Songs of the Dead | Peer Reviewed in Sophia Journal
Exploring the Aftermath: Landscape Meets Theory
As an artist and photographer, I am fascinated by the interplay between life and death and how the rest of the natural world bears witness to our existence. So, I am thrilled to announce that a section of our Catastrophic Fire project based on the 2016 Fort McMurray burn has been published in the peer-reviewed Sophia Journal. Our visual essay, Song of the Dead, is a poetic meditation on living with fire and the resilience of communities emerging from post-catastrophic fires.
As a visual essay in Sophia Journal, Song of the Dead reflects a firey aftermath. A landscape jolted violently into a renewal cycle, leaving behind a wake of destruction with glimmers of renewal. The photographs capture a landscape and geography visibly disturbed by the fire.
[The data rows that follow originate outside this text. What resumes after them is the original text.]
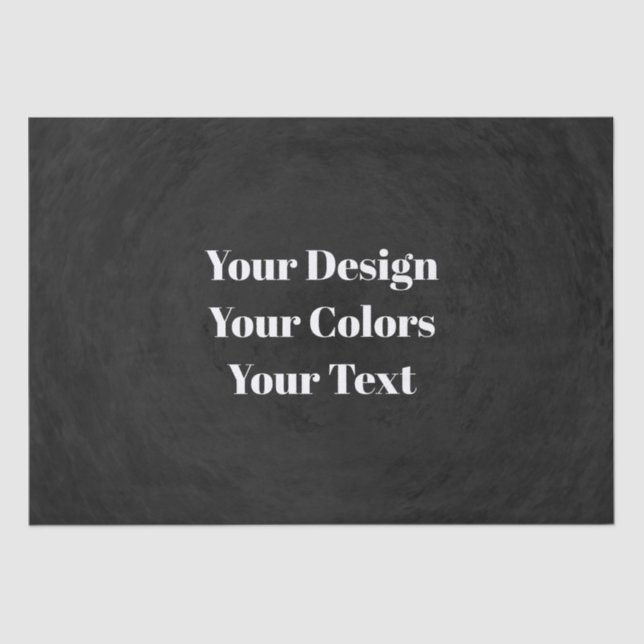 Blank - Create Your Own Custom Tissue Paper (Front)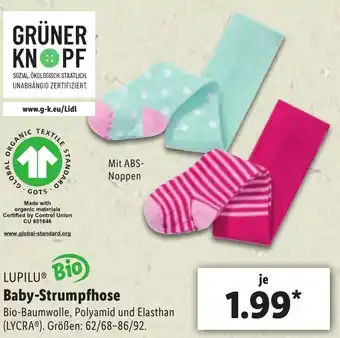Lidl Lupilu Bio Baby Strumpfhose Angebot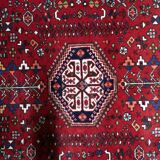 Antique Persian Qashqai rug 106cm x 152cm 1920s - 1C1242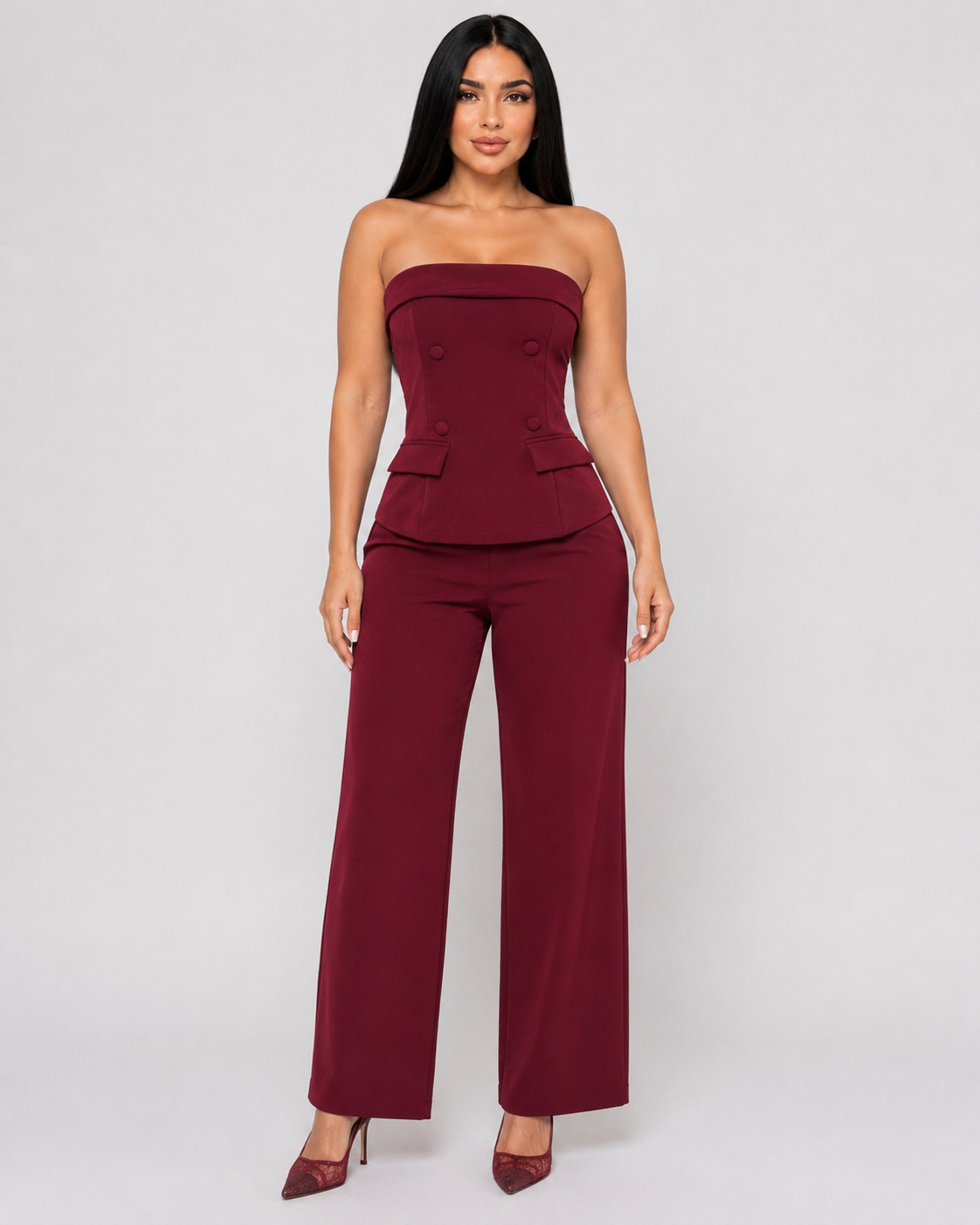 CONJUNTO POWER SUIT - BORGOÑA
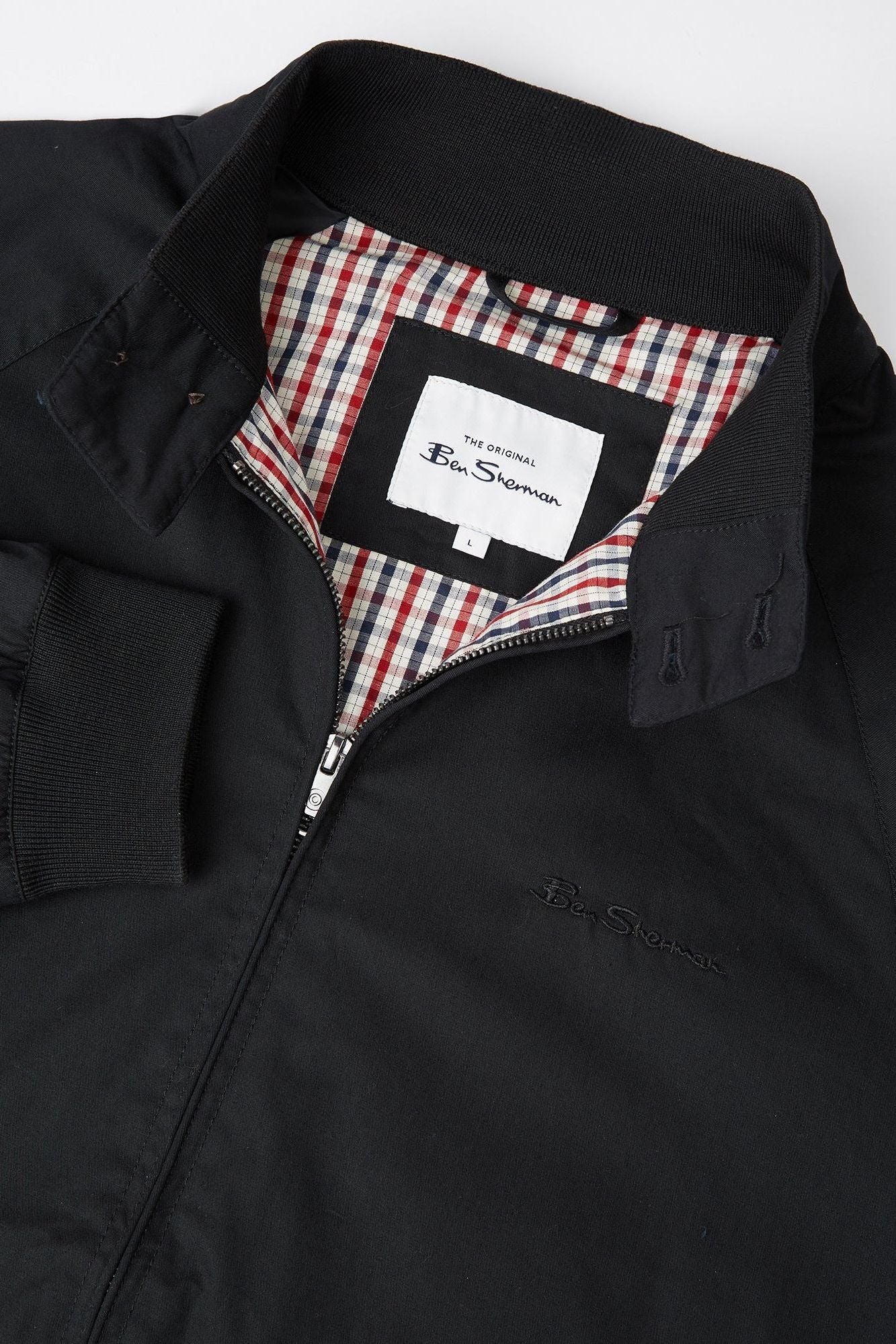 Signature Harrington Jacket - Black - Image 6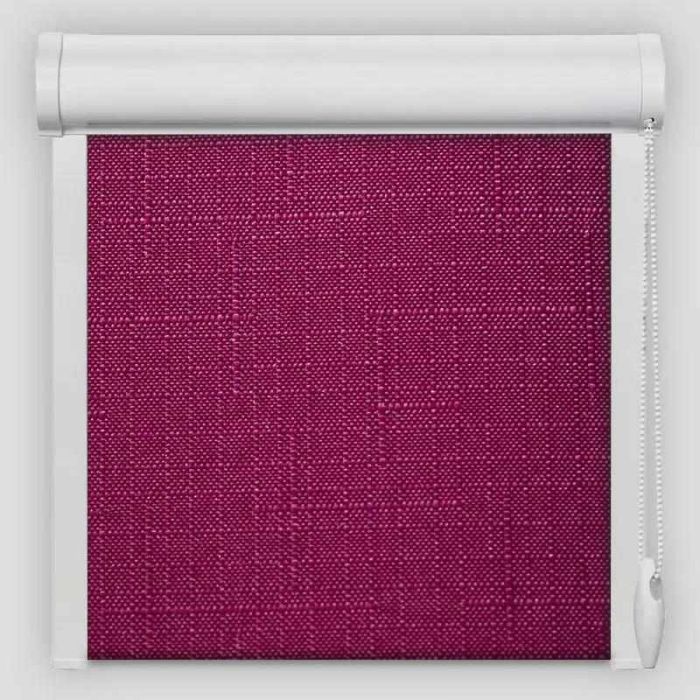 Рулонна штора Льон закритого типу Бузковий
The story I found was not as straightforward as research suggested - aftermath of Fort McMurray, as it stands today, includes a violent colonial history and was built to export synthetic crude oil; therefore, the complicit use of billions of barrels of oil exported to users must be considered part of the fabric of the event. In addition to what the landscape tells me, the academic paper calls for theoretical placement. To do this, we worked with David Campany's excellent Late Photography essay, which refers to photographers arriving deliberately late - after the event after the moving images for social and news media. We also explore the ethics of imagery and how Aftermath, once described as an agricultural landscape, is more commonly used as the unsteady, shaken landscape impacted by human war or conflict and confusingly with climate events.
As an auto-didactic learner, I hope this story is particularly inspiring for those who have struggled with traditional education systems or have not had access to them. I hope others see that there are alternative paths to raising awareness and that they can achieve their goals with by focus, dedication and have moments of peace that this brings.